- **Work request**: When copying the listing below, skip every picture and keep each word as it stands.

- **Stored data**:
>>

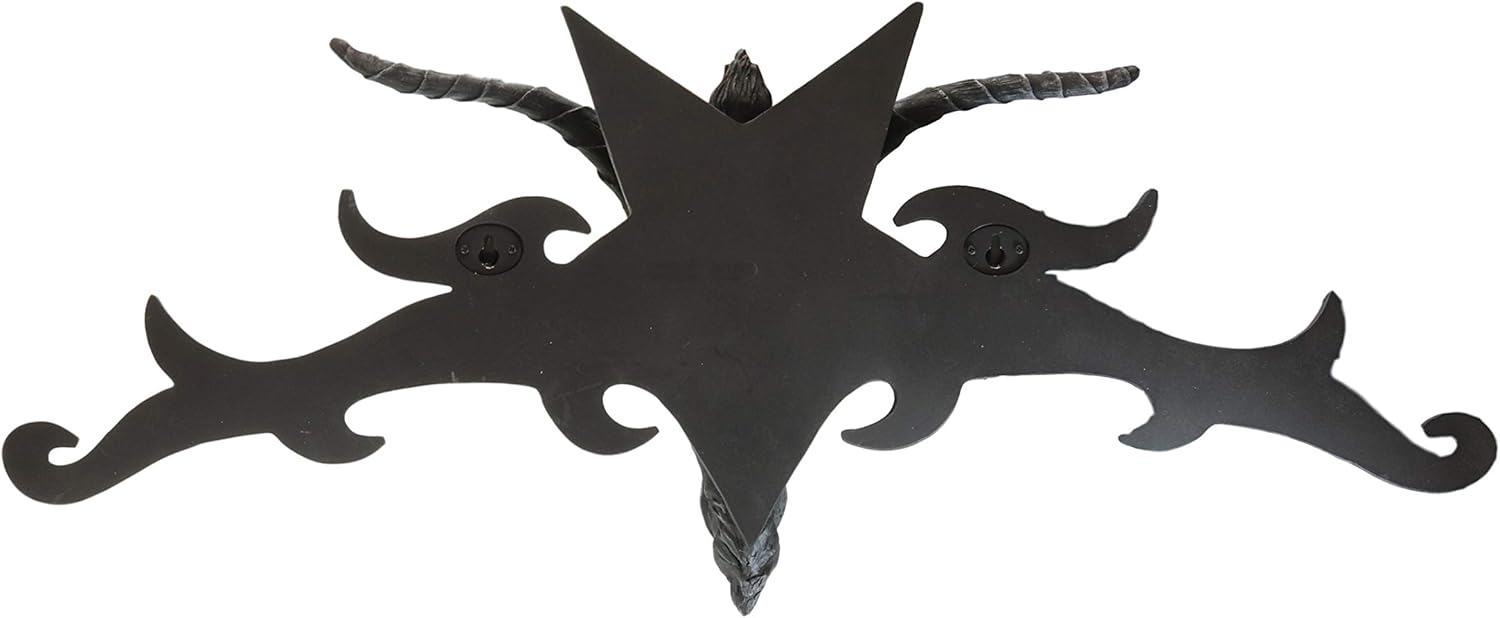 Ebros Large 34 Wide Baphomet Wall Decor Sculpture
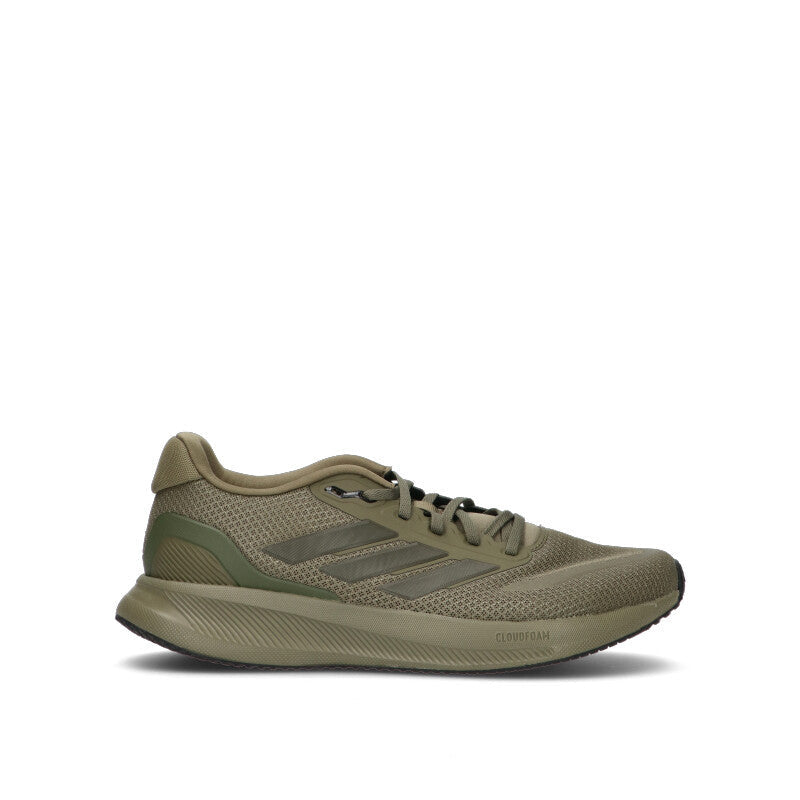 ADIDAS RUNFALCON 5 Scarpa running uomo verde militare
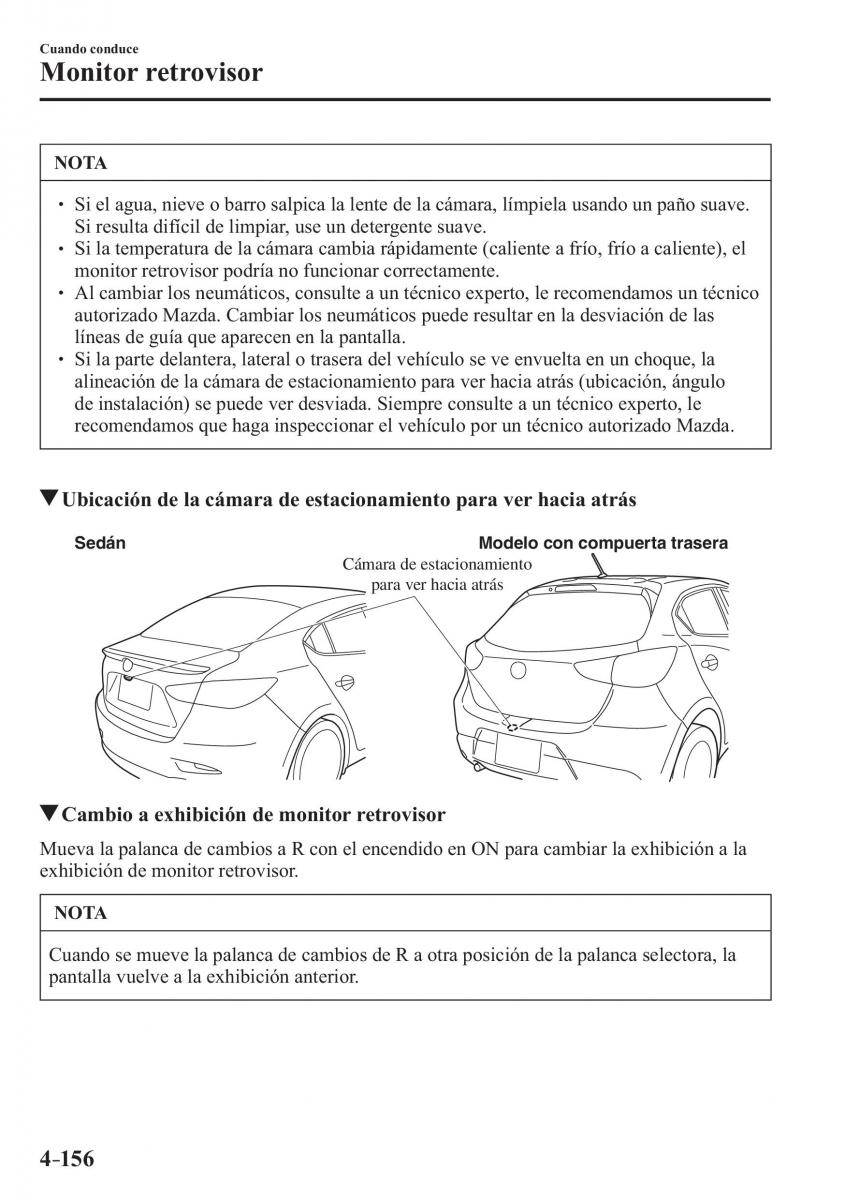 Mazda 2 Demio manual del propietario / page 313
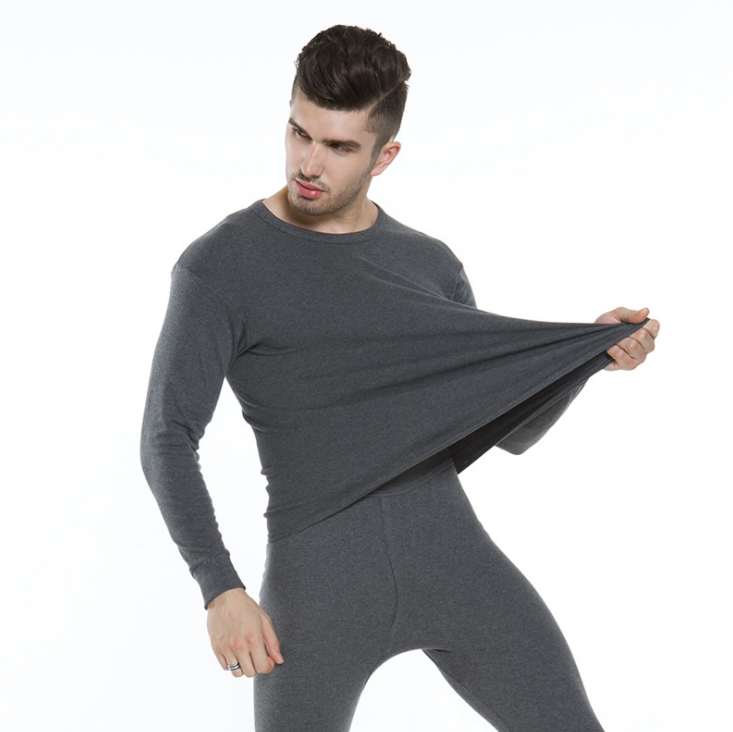 

Winter Male Underwear Clothing men underpants Solid Color tight leggings keep warm in cold weather New Arrival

<<

- **Solution for this task**:
 Ebros Large 34 Wide Baphomet Wall Decor Sculpture
 ADIDAS RUNFALCON 5 Scarpa running uomo verde militare
 Mazda 2 Demio manual del propietario / page 313

Winter Male Underwear Clothing men underpants Solid Color tight leggings keep warm in cold weather New Arrival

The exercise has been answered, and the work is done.